The case had come to the U.S. Court as a result of a Wisconsin compulsory school attendance law which required parents to enroll their children in public or private schools until at least the age of 16. The defendants, who were members of an Old Order Amish community, refused to send their 14 and 15 year old children to the consolidated public schools, or to otherwise provide education for them, in satisfaction of the statutes, after they had completed the eighth grade.

At lower court levels, the Amishmen were convicted of violating the statute and fined. They claimed that their rights under the free exercise of religion clause (First Amendment of the U.S. Constitution) were violated by the statute and appealed the conviction. Their appeal was heard by the state Supreme Court, where they were upheld. The State of Wisconsin then took the matter to the United States Supreme Court.

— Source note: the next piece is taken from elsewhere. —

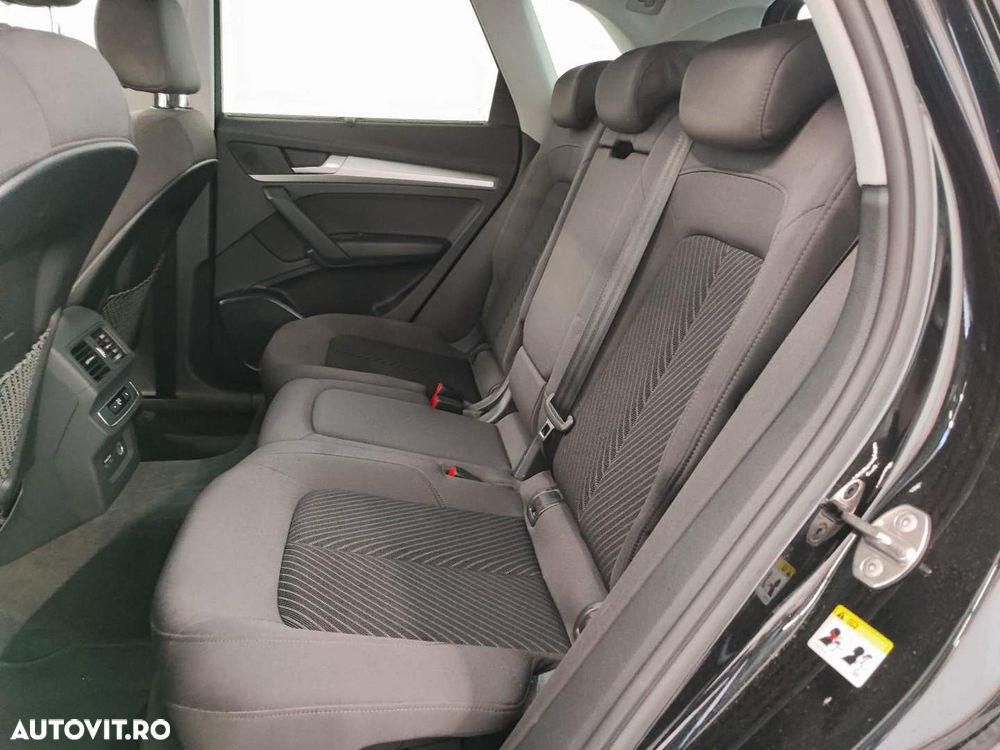 Audi Q5 40 TDI quattro S tronic MHEV Advanced - 11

Chief Justice Warren Burger delivered the majority opinion of the court, joined by Associate Justices William J. Brennan, Potter Stewart, Byron White, Thurgood Marshall, and Harry Blackmun. Justice Stewart, joined by Brennan, wrote a concurring opinion, as did Justice White, joined by Brennan and Stewart. Justice William O. Douglas filed an opinion dissenting in part. Justices Lewis F. Powell and William Rehnquist took no part in the deliberations or decision of the case.

The Amish schools controversy

For more information, see: Amish schools controversy and History of education.

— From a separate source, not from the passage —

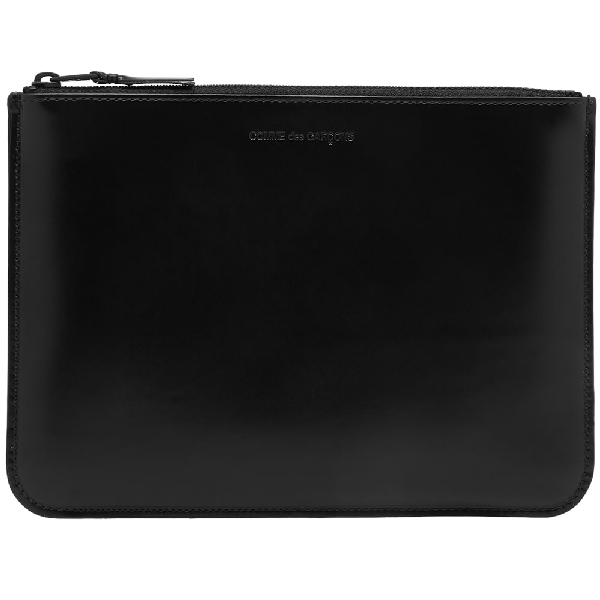 comme des garcons very black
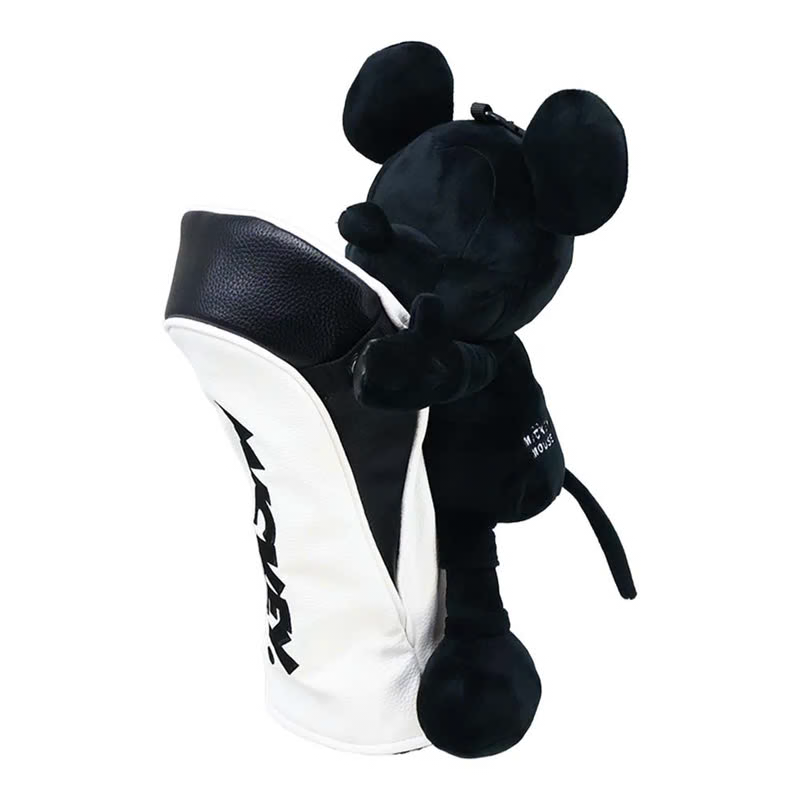 Disney 米奇Driver套+小球包組⛳️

The background to the 1972 US Supreme Court decision in the Wisconsin v. Yoder case was a decades-long controversy surrounding educational reform as it affected the Amish religious community. The issues involved concerned the consolidation of rural school districts (the one-room schoolhouse) into larger districts, compulsory school attendance laws, and teacher certification, all of which were seen by the Amish as threats to their way of life.

The move towards schools consolidation

The one-room schoolhouse of rural America (affectionately known to many Americans as the "little red schoolhouse" though, in truth, it was more often white) continues to be a staple of American nostalgia. At one time in the early decades of the 20th century, one-fourth of all rural pupils in the United States attended one of nearly 188,000 such schools.[2]However, throughout the 20th century, and, in fact, beginning even before that, the one-room schoolhouse was largely phased out in favor of "consolidated" schools until at present, there are very few such schools remaining.

In the one-room school, a number of pupils (usually a few dozen at most) in grades 1 through 8 were all taught together by a single teacher. By consolidating several such one-room schools into one, larger school, a number of practical and educational benefits could be achieved, or so it was alleged by the proponents of consolidation.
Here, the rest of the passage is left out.